Guy Chapman aka JzG wrote:
On Fri, 12 May 2006 20:04:25 +0100, you wrote:
If you really feel it is necessary to stop people
from proclaiming
anything about them (not even specifically religions) using templates,
you are free to voice this opinion, but you are not entitled to delete
any such templates without community concensus.
You are way behind the curve here, this has been discussed to death.
Forgive me for not reading absolutely every edit to absolutely every
page in the Wikipedia namespace, the Wikipedia talk namespace, the
Template talk namespace, and whatever else.
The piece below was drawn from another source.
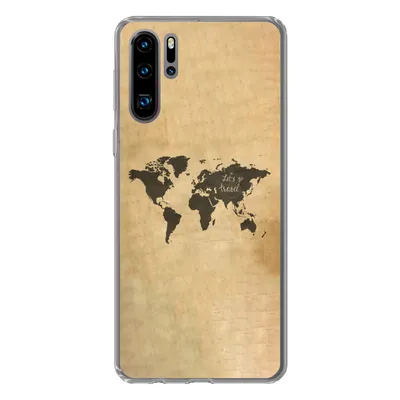 Produktbild von MuchoWow® Handyhülle Schutzhülle Hülle für Huawei P30 Pro Weltkarte - Schwarz - Sprichwörter Silikon Softcase Handy Hülle - Schutzdeckel
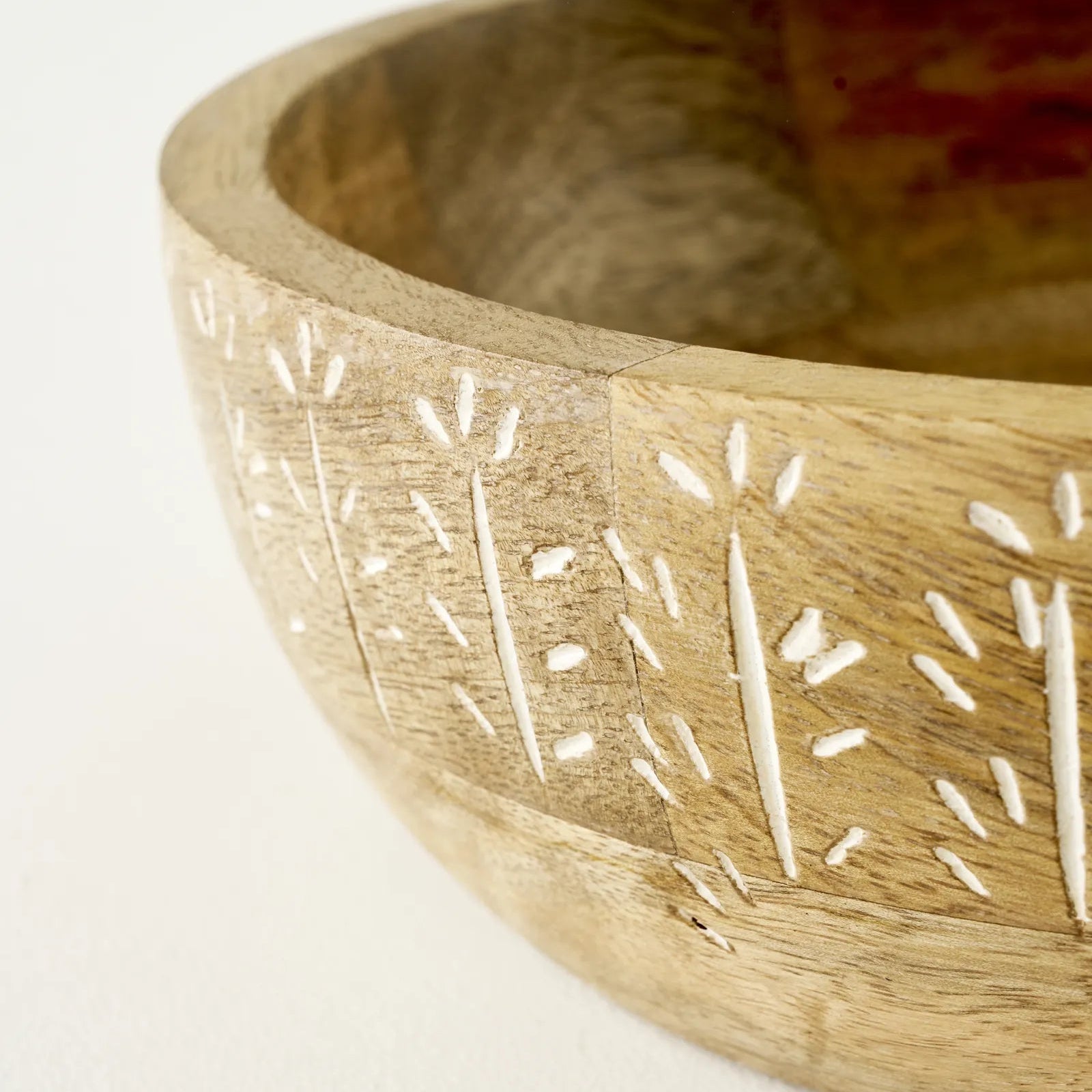 Flowers Carved  Mango Wood Decorative Bowl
The redux as far as I recall is that templates
proclaiming a point of
view are divisive, that the declaration of a point of view on a user
page is not in itself wrong even so, but that
The templates do not provide any additional possibility of proclamation
that plain text on the user page wouldn't already provide. Since you
agree that the declaration of a point of view on a user page is not in
itself wrong, it logically follows that the mere fact that the templates
proclaim a point of view does not make them wrong.
it is a poor use of server resources to transclude
such declarations
It is highly doubtful that any significant amounts of server resources
are at stake. It is even more doubtful that the load would be
significantly increased compared to the current situation which already
allows a significant number of humorous (and therefore irrelevant)
userboxes. Either way, a proper analysis of the consumption of server
resources has not been made.
a poor precedent to imply that such declarations are
officially sanctioned by including them in template space.
There is nothing about the templates that makes them any more
"officially sanctioned" than text on a user page on a
Wikimedia-controlled server already is.
Some of them were patently inflammatory, and those
were removed first
and fastest. Others included unfree images, a problem in itself.
These are separate issues that I am not contesting. A proclamation of
any belief is possible without breaching any of those two requirements
(not being inflammatory and not using non-free images).